« Le Séminaire Palaisien » | Arnak Dalalyan and Frédéric Pascal on machine learning and statistics
The goal of this talk is to show that a single robust estimator of the mean of a multivariate Gaussian distribution can enjoy five desirable properties. First, it is computationally tractable in the sense that it can be computed in a time which is at most polynomial in dimension, sample size and the logarithm of the inverse of the contamination rate. Second, it is equivariant by scaling, translations and orthogonal transformations. Third, it has a nearly-minimax-rate-breakdown point approximately equal to 0.28. Fourth, it is minimax rate optimal when data consist of independent observations corrupted by adversarially chosen outliers. Fifth, it is asymptotically optimal when the rate of contamination tends to zero. The estimator is obtained by an iterative reweighting approach. Each sample point is assigned a weight that is iteratively updated using a convex optimization problem. We also establish a dimension-free non-asymptotic risk bound for the expected error of the proposed estimator. It is the first of this kind results in the literature and involves only the effective rank of the covariance matrix.

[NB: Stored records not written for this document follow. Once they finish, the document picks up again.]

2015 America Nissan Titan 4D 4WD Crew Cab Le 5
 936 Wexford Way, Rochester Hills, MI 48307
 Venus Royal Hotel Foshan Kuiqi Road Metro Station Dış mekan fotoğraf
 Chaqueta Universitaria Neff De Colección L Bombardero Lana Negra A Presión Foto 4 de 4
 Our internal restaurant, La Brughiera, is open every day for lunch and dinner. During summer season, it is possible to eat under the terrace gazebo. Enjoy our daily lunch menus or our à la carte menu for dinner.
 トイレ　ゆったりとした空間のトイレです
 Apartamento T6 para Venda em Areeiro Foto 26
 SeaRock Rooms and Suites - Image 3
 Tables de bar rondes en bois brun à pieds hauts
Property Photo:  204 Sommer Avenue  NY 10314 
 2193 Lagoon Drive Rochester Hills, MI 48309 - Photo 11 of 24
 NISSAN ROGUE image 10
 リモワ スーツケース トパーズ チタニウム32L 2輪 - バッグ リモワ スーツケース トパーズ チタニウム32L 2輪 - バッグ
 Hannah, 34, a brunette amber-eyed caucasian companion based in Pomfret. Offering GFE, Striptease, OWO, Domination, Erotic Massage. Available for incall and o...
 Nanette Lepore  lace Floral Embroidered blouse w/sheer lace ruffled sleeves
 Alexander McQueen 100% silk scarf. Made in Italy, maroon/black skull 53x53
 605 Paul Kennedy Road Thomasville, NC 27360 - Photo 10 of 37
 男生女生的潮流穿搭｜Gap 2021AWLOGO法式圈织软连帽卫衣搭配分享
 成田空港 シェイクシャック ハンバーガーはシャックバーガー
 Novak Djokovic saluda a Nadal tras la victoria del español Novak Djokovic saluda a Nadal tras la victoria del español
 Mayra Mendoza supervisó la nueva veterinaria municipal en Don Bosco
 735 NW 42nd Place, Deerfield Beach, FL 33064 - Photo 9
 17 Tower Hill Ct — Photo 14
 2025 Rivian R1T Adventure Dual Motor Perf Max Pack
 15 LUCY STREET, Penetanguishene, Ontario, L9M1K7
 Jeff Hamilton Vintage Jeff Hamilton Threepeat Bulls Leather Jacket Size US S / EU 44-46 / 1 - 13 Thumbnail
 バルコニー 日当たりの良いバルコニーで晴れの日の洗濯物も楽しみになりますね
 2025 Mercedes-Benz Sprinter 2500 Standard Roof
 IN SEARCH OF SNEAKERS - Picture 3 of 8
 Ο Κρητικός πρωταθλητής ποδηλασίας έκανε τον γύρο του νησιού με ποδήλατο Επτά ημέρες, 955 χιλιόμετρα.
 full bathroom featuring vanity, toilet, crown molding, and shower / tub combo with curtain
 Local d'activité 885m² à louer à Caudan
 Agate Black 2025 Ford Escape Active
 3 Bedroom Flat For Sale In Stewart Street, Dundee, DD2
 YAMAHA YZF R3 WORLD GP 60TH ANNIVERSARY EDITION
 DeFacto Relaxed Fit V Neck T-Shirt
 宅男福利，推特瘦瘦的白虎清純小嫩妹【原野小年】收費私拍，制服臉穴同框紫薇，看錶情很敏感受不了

(Joint work with Arshak Minasyan)
Though very popular, it is well known that the EM algorithm suffers from non-Gaussian distribution shapes, outliers and high-dimensionality. In this talk, we introduce a new robust clustering algorithm that can efficiently deal with noise and outliers in diverse data sets. As an EM-like algorithm, it is based on both estimations of clusters centers and covariances. In addition, using a semi-parametric paradigm, the method estimates an unknown scale parameter per datapoint. This allows the algorithm to accommodate for heavier tails distributions and outliers without significantly loosing efficiency in various classical scenarios. Then, we show that the proposed algorithm outperforms other classical unsupervised methods of the literature such as k-means, the EM algorithm and its recent modications or spectral clustering when applied to real data sets as MNIST, NORB and 20newsgroups. An application to Radar (SAR) image segmentation is proposed, highlighting the interest of the proposed approach.